Mr Ciaran MacGonigal, who headed the museum from 1998 to 2001, said yesterday that the provenance of significant parts of the collection "simply could not be proved" from material in the archive.
The archive will be crucial to an inquiry led by former Supreme Court judge Mr Justice Donal Barrington into allegations by the Simon Wiesenthal Centre in Paris that some of the collection may have been looted by the Nazis.
The claims about the couple who amassed the collection, the late John and Gertrude Hunt, have been vigorously denied by their family and friends.
While stating that the Hunts had exquisite taste and an uncanny ability to recognise quality in objects, he described the museum as "essentially a collection of curiosities".
He added: "It's bits of everything from everywhere and that's part of its charm and difficulty as a collection." Mr MacGonigal said he did not know whether any of the collection was looted.

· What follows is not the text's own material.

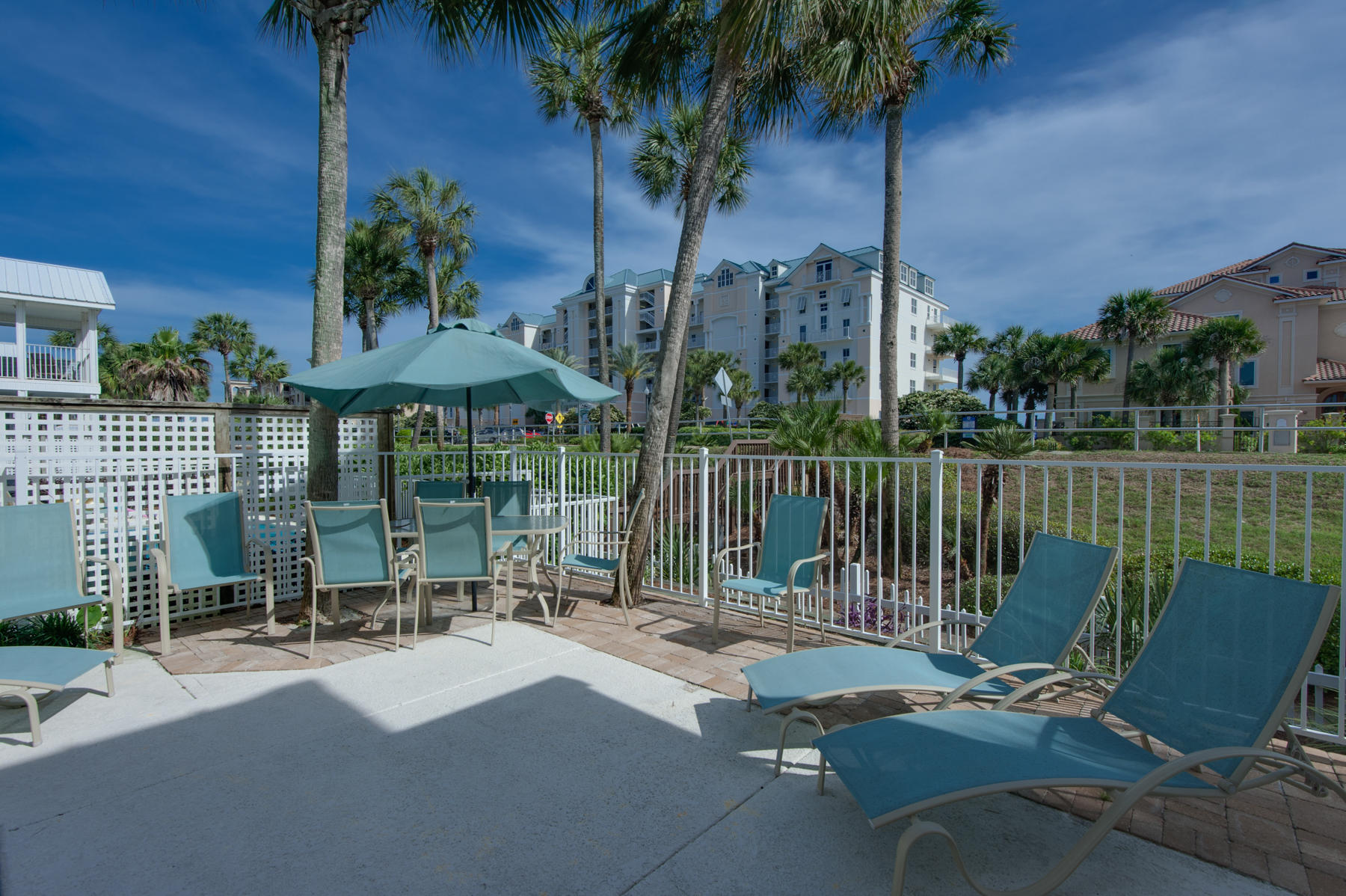 CRYSTAL SHORES - Residential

Stating that "loot and museums are siamese twins" worldwide, he said the level of proof required in establishing the identity or provenance of an artefact was akin to that in the title deeds of a house.
"The level of proof in museological terms is a great deal higher than something, that even people as gifted as they [The Hunts\] undoubtedly were, would be able to determine," he said.
Asked whether he believed the Wiesenthal Centre's claims had the ring of authenticity, Mr MacGonigal said: "In truth, there's probably some level of it that is inevitable given the kind of material that is in the collection and given the lack of provenance." Mr MacGonigal said he had met once two years ago with Ms Erin Gibbons, a Dublin-based archeologist who claims to have discovered links between business associates of the Hunts and the main art agents for Hitler and Goering.
He said he was "alarmed" and "astonished" after reviewing the material produced by Ms Gibbons, who is writing a book about the Hunts. The information made him "highly nervous" about the collection, he said.
Mr MacGonigal said he had not commissioned an essay by a Limerick-based art historian, Ms Judith Hill, but was in situ when it was received in 1998.
The essay, which said the Hunts "fitted seamlessly" into a post-Second World War art market coloured by widescale Nazi thefts, was never published by the museum.
Mr MacGonigal said the essay was "entirely unsuitable" for publication in a museum catalogue because of its length. He also said he was unhappy with the level of proof offered by Ms Hill in the essay.
Ms Hill has said: "The issue of whether the Hunts were directly involved in dealing with illegally acquired objects was one that I did not confront and investigate."
This comment was made in a statement dated February 10th, which has been published on the museum website but was not widely circulated to journalists.
Mr MacGonigal said he was alarmed by a letter in The Irish Times from the current director of the museum, Ms Virginia Teehan, in which she said that none of the collection was acquired by the State.
Stating that he believed the material held by the Hunt Museum Trust was to transfer to the State in the event of the museum ceasing to trade, he said Ms Teehan failed to recognise that the museum was, "in reality, an expression of the State's interests".
Ms Teehan said this was a matter of interpretation on the part of Mr MacGonigal.
She said the State did not fund the museum in full.
Ms Teehan would not comment on the quality of the archive and said that she had not examined the archive extensively.
The museum had made every effort to provide as much information as possible about the collection, she added.